O PODER NO SUBMUNDO DO CRIME

Desde os primórdios da humanidade, o homem sempre se sentiu atraído pelo poder. Ele se manifesta em diferentes sociedades, grupos e circunstâncias. Muda conforme o grupo ou o sujeito, mas indubitavelmente tem a mesma natureza. Na política, por exemplo, Ulisses Guimarães estabeleceu bem o fascínio do ser humano pelo poder ao chegar a dizer que “o poder é afrodisíaco”. Na sociedade primitiva, o poder era exercido levando-se em conta uma relação que subjugava o mais fraco ao mais forte. E assim o conceito foi evoluindo ao longo da história da civilização para uma noção mais política, consentânea com a sociedade civilizada. Daí Norberto Bobbio ensinar que “poder político dizia respeito ao poder que um homem exerce sobre outros, a exemplo da relação entre governantes e governados”. O certo é que na prática, a ideia de poder, independentemente de conceitos modernos ou primitivos, está ligada a ideia de força e submissão de um grupo sobre outro.

Ontem no tribunal do júri, participando de uma maratona de três audiências, ouvi de uma testemunha na primeira delas, que os acusados, em número de quatro, “matavam para demonstrar seu poder diante de grupos rivais e, com isso, se impor diante do meio em que atuavam... E que no mesmo grupo, sempre havia quem determinava e quem obedecia às ordens de comando.” Eis uma noção de poder!
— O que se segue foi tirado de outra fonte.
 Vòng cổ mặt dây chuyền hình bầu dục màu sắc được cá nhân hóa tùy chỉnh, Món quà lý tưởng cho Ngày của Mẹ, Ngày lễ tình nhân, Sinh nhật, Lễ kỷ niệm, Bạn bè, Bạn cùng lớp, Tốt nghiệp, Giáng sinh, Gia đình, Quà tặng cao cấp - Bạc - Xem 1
Estúpida e primitiva é bem verdade, mas uma noção de poder. Já na última, cuja acusada e vítima, bem como as testemunhas eram todas travestis, ouviu-se que “a vítima exercia o seu poder sobre as demais colegas de trabalho porque detinha o controle dos pontos de prostituição em toda a extensão da Av. Frei Serafim e centro da cidade, indo até a Av. Maranhão, às margens do rio Parnaíba. E nesses pontos cobrava pedágios para que as colegas de profissão pudessem exercer seu trabalho. Às vezes com ameaças”. Indagada pelo Ministério Público se tomou alguma providência em relação a possíveis ameaças, foi respondido que procurou a polícia e esta orientou surpreendentemente no sentido de que deveriam se armar. E ainda sob a pergunta de onde vinha tal poder, teve como resposta o fato da vítima se sentir mais velha no ofício. O crime, portanto, ocorreu tendo isso como móvel, e também pelo fato da acusada se insurgir contra o pedágio cobrado. Eis aí outra demonstração de poder! Igualmente absurda, é claro.
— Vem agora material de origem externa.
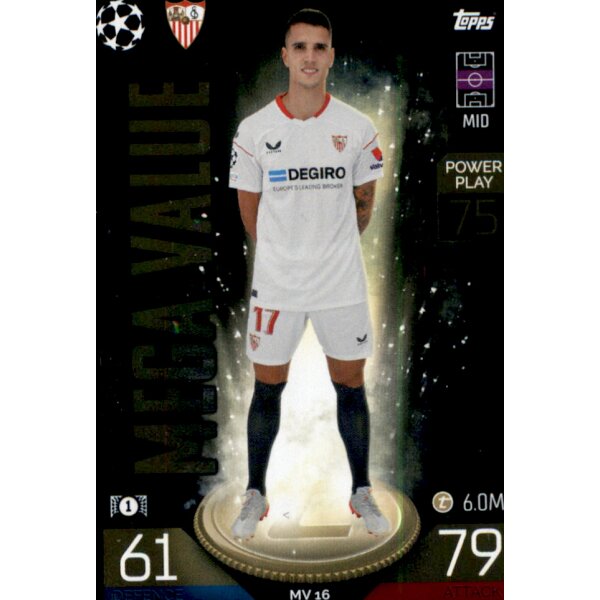 Topps Match Attax Champions League 2022/23 - MV16 - Erik Lamela - Mega Valeu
Tem-se aqui, no submundo do crime, dois aspectos que chamam bastante atenção. O primeiro, a noção comum de “poder” que se extrai de ambos os casos. O segundo, no último caso, a cobrança de pedágio por particular no espaço público. O mais lastimável e espantoso é que tudo isso ocorre aqui, perto de todos nós, um no bairro Morro da Esperança, próximo ao Marquês, na zona norte da cidade, e o outro na principal via que divide a cidade, a Av. Frei Serafim, no cruzamento da Av. Miguel Rosa, próximo ao prédio do DER. Essa naturalmente é uma face do crime que poucos se importam, nem mesmo o Estado, talvez em face de não se arregimentar uma seria política de segurança pública. E certamente porque no espetáculo da política, o que vale mais é sempre a ostentação do circo, do jogar para o incauto público. É não resolver – ou pelo menos minimizar -, mas parecer que se resolve. Assim, na lógica do poder político, já está de bom tamanho. E o povo hein!? Ah! Como dizia uma ministra, o povo é só um detalhe.